──────── Exercise inputs
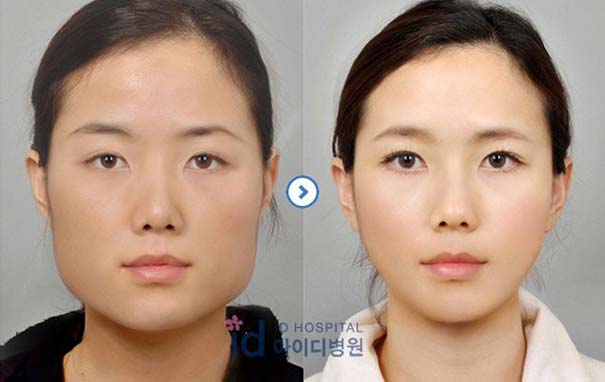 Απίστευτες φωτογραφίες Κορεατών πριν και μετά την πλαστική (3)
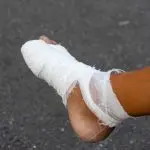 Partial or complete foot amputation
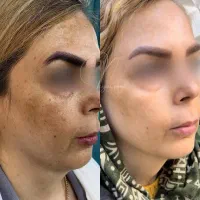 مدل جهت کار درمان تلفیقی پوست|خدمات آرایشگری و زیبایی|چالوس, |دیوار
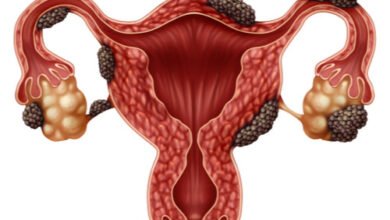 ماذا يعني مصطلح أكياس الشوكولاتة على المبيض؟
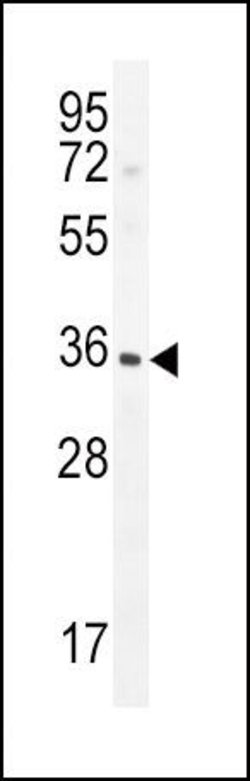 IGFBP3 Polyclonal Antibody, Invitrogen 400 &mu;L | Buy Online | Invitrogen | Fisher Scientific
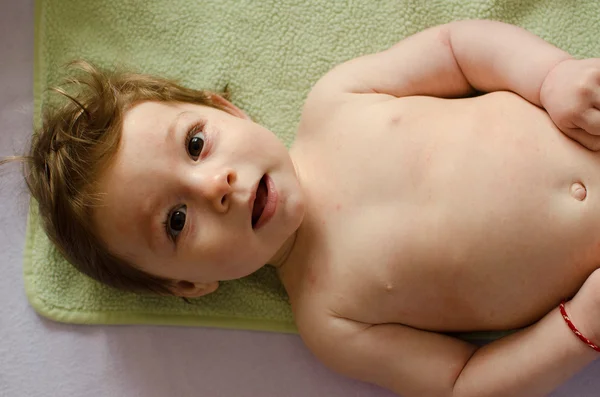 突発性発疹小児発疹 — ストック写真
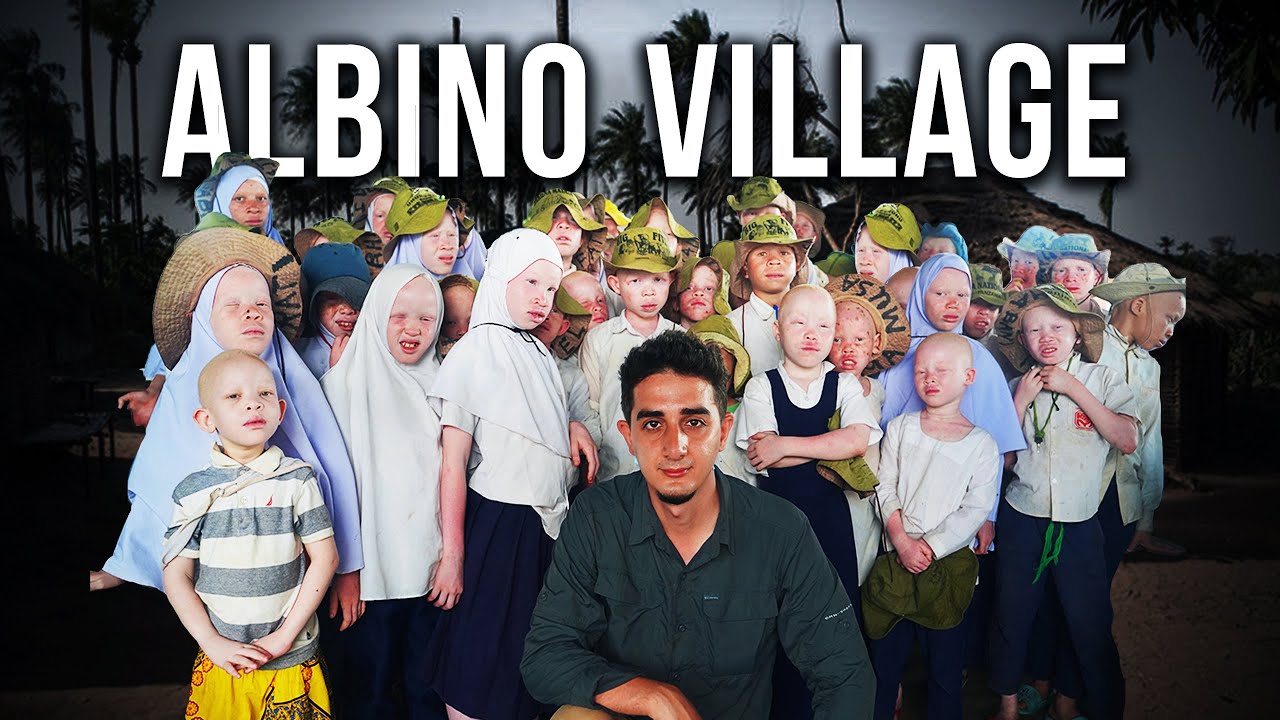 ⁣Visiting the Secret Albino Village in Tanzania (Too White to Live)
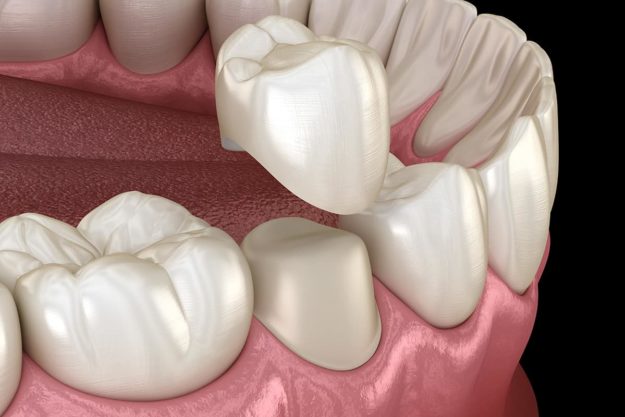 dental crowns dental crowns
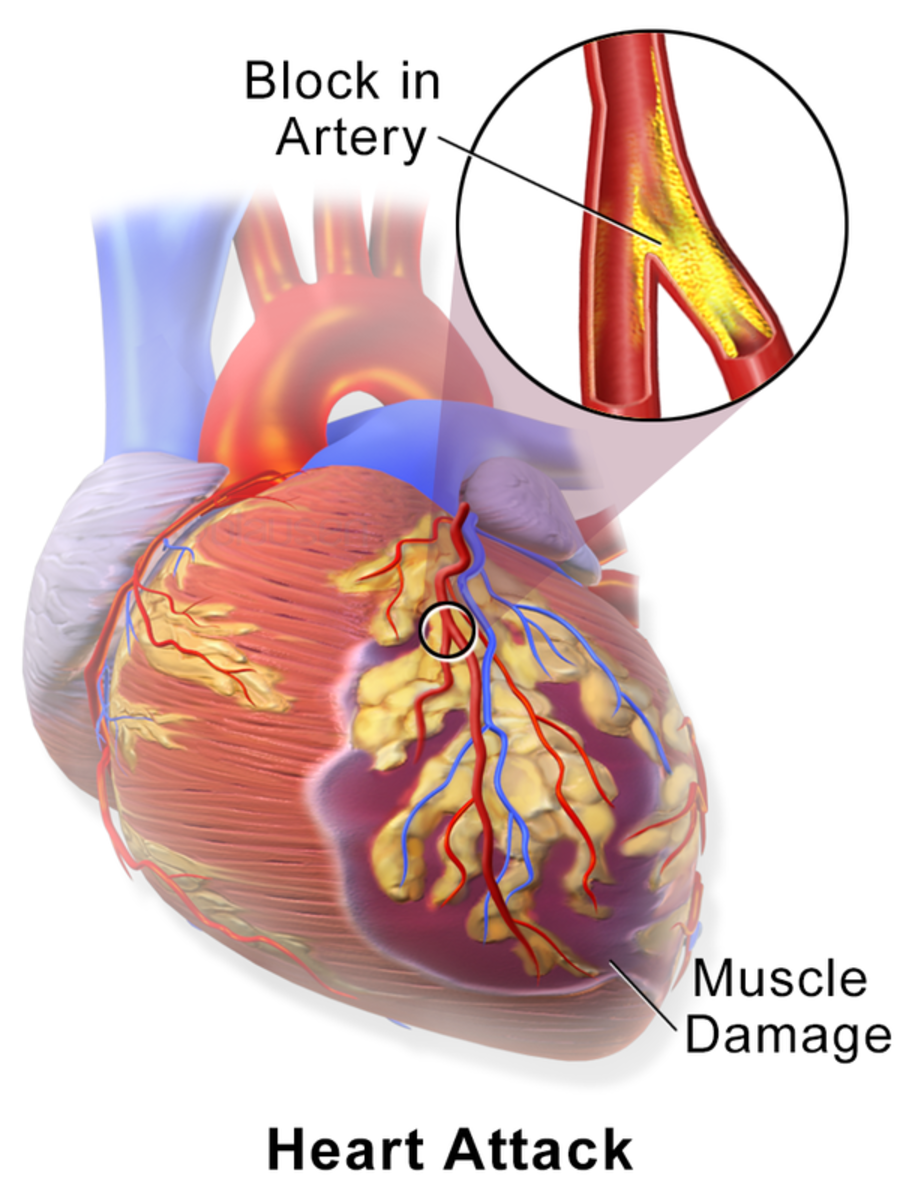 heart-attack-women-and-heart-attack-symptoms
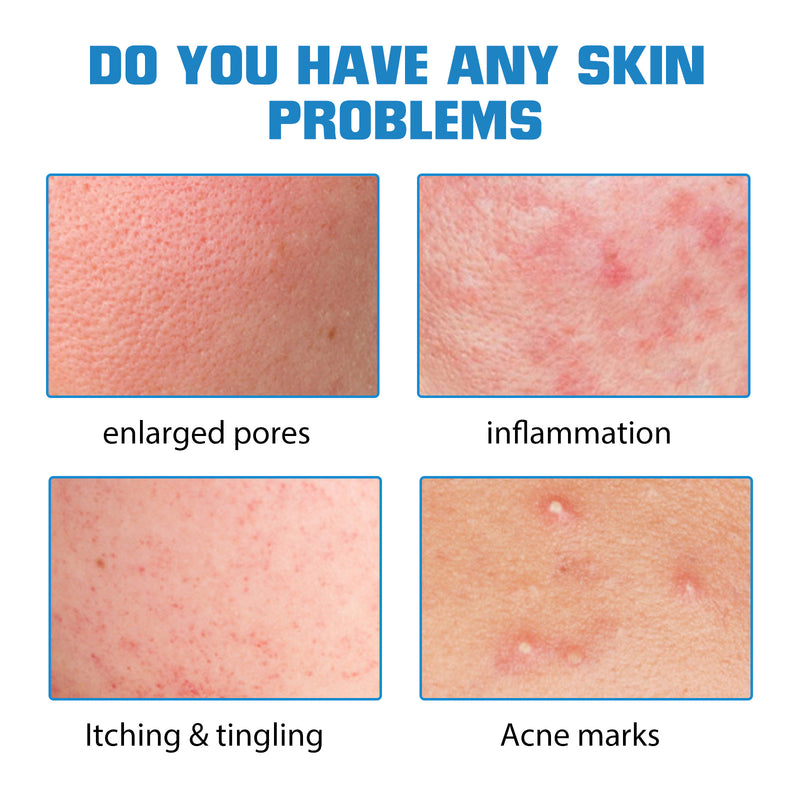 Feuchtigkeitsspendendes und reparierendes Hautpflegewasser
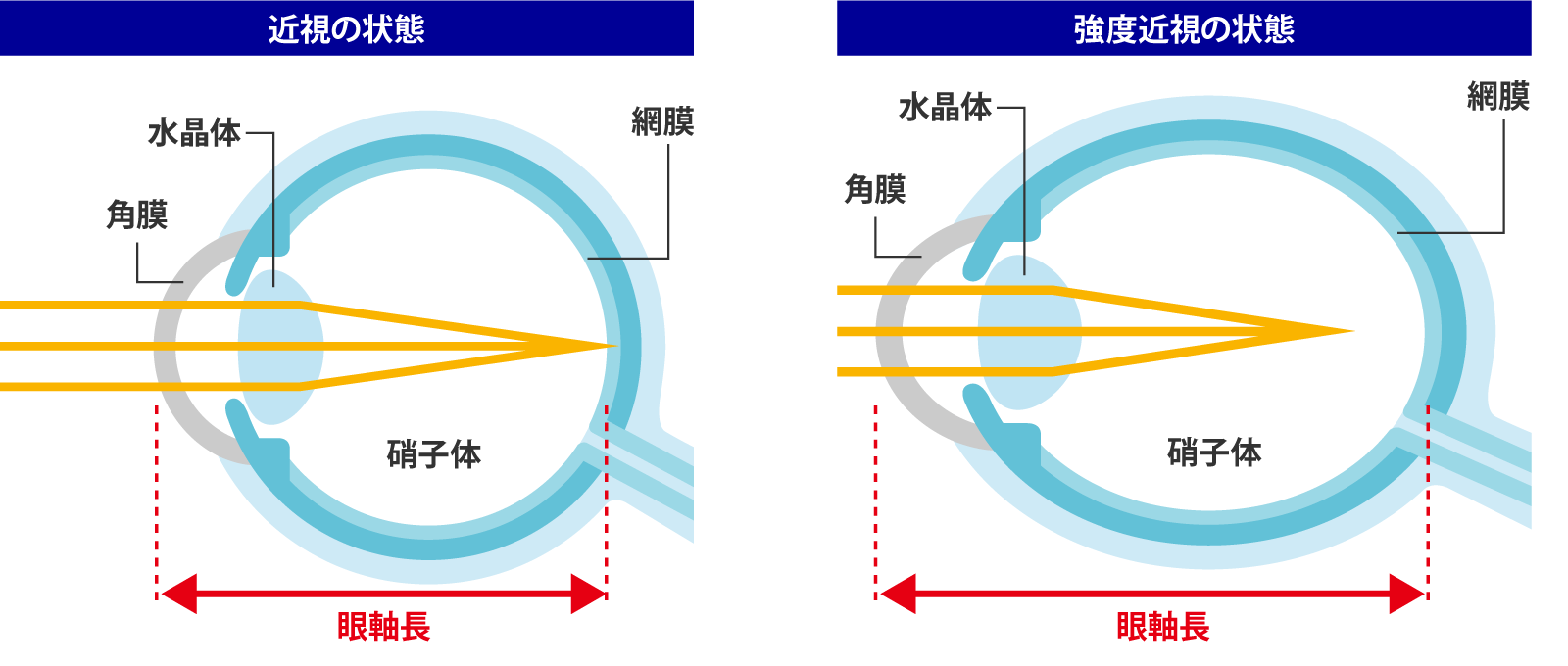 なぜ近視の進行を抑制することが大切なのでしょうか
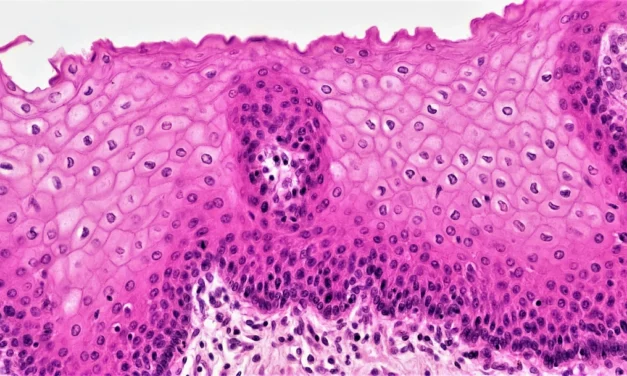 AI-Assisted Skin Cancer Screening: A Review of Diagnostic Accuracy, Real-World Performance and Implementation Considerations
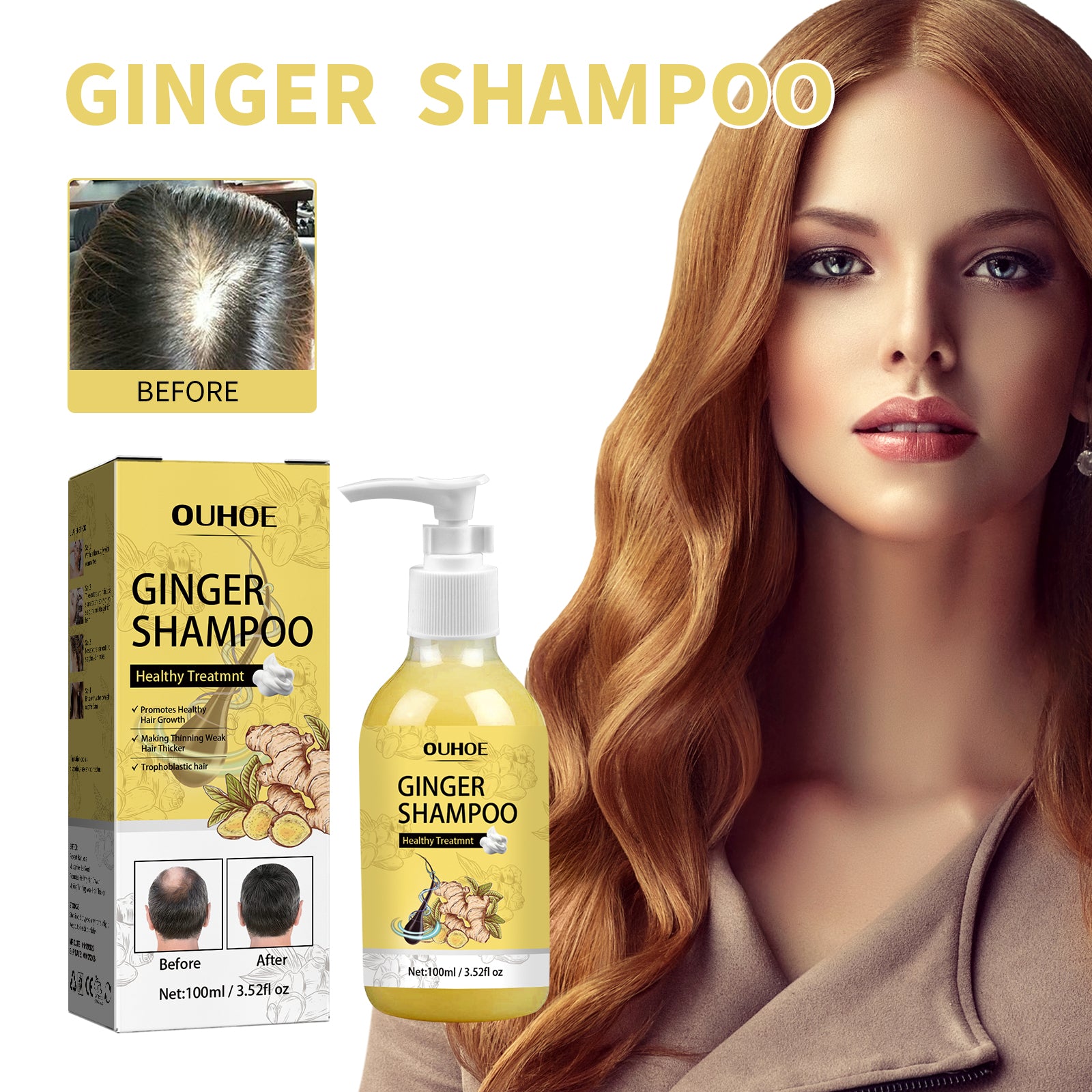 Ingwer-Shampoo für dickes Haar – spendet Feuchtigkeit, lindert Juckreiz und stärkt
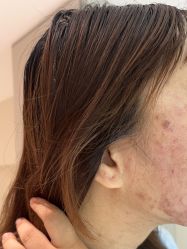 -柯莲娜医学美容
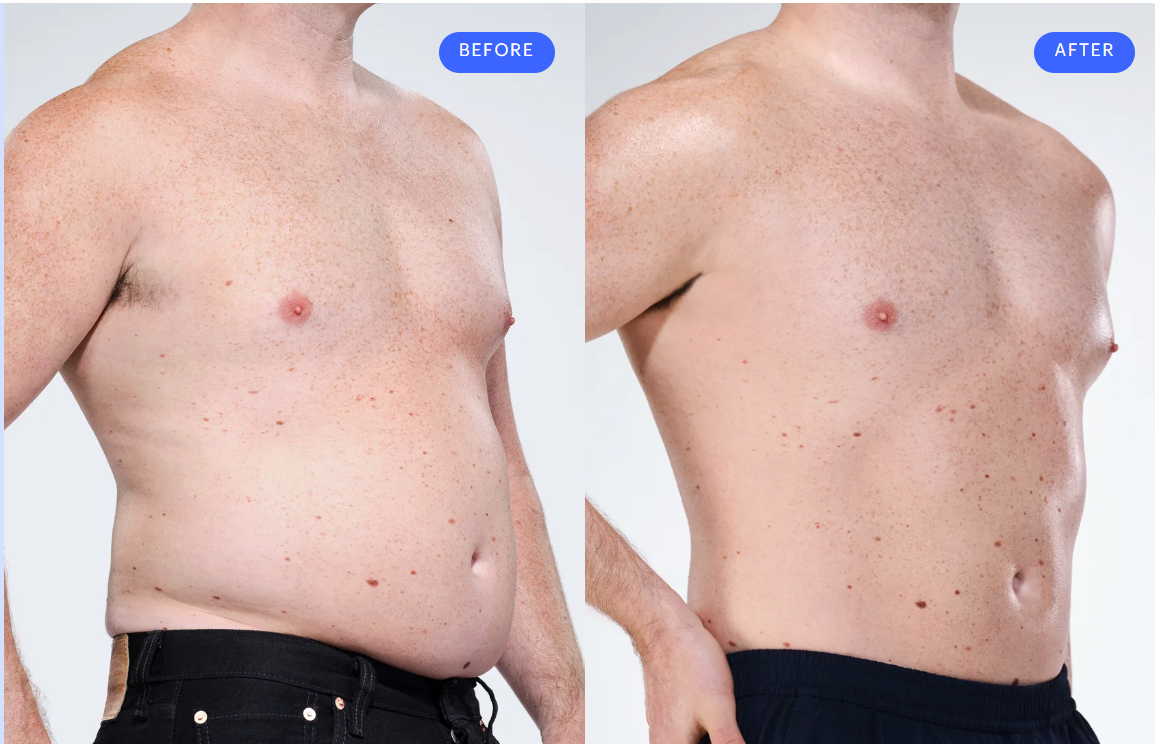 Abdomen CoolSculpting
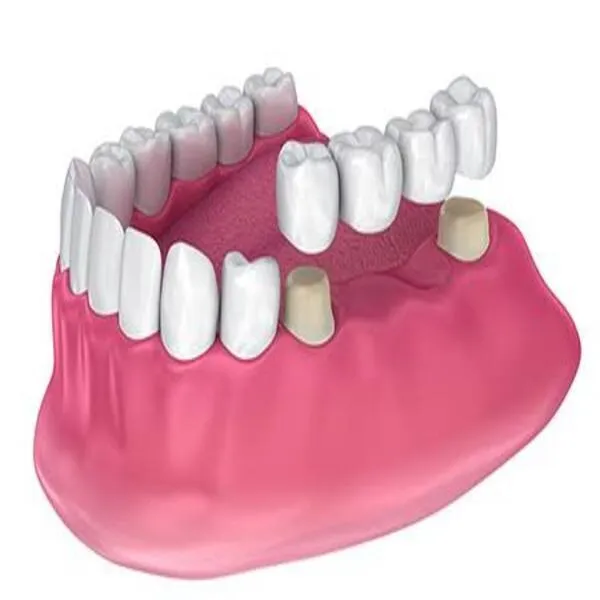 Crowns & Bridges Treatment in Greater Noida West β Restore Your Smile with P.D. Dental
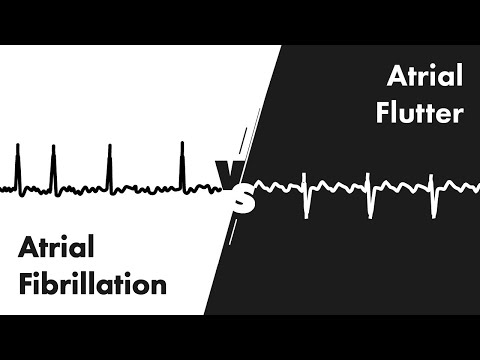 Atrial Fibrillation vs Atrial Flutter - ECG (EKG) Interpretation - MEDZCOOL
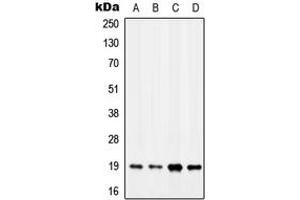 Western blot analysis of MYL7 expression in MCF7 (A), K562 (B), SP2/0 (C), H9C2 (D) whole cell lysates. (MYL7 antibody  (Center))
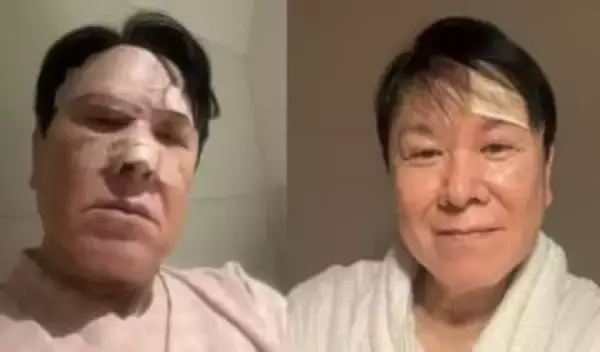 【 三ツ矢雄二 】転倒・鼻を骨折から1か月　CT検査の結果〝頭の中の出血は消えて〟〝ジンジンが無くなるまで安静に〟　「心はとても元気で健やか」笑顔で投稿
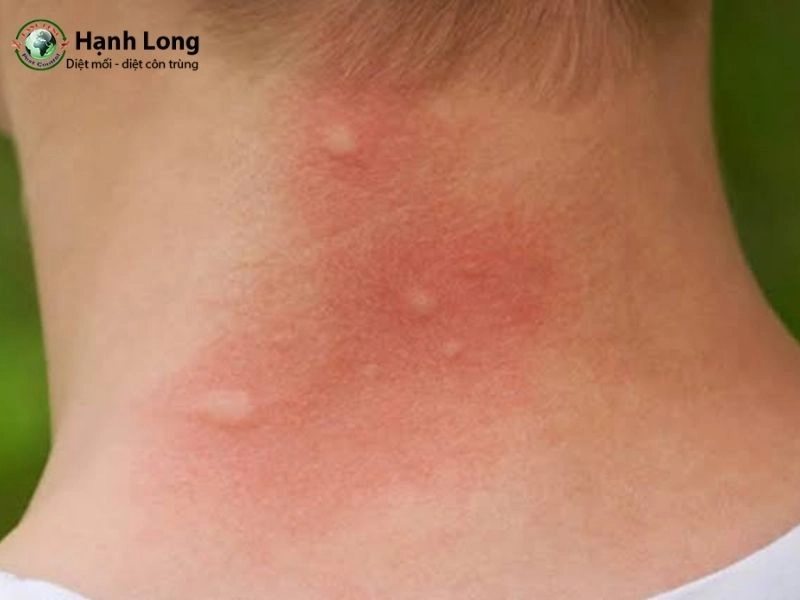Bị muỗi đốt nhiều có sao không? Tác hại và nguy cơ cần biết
────────────────
Directions | Take the material above from its first line through the line that has "Crowns & Bridges" and copy it exactly, without any pictures.

Result of the exercise |
 Απίστευτες φωτογραφίες Κορεατών πριν και μετά την πλαστική (3)
 Partial or complete foot amputation
 مدل جهت کار درمان تلفیقی پوست|خدمات آرایشگری و زیبایی|چالوس, |دیوار
 ماذا يعني مصطلح أكياس الشوكولاتة على المبيض؟
 IGFBP3 Polyclonal Antibody, Invitrogen 400 &mu;L | Buy Online | Invitrogen | Fisher Scientific
 突発性発疹小児発疹 — ストック写真
 ⁣Visiting the Secret Albino Village in Tanzania (Too White to Live)
 dental crowns dental crowns
 heart-attack-women-and-heart-attack-symptoms
 Feuchtigkeitsspendendes und reparierendes Hautpflegewasser
 なぜ近視の進行を抑制することが大切なのでしょうか
 AI-Assisted Skin Cancer Screening: A Review of Diagnostic Accuracy, Real-World Performance and Implementation Considerations
 Ingwer-Shampoo für dickes Haar – spendet Feuchtigkeit, lindert Juckreiz und stärkt
 -柯莲娜医学美容
 Abdomen CoolSculpting
 Crowns & Bridges Treatment in Greater Noida West β Restore Your Smile with P.D. Dental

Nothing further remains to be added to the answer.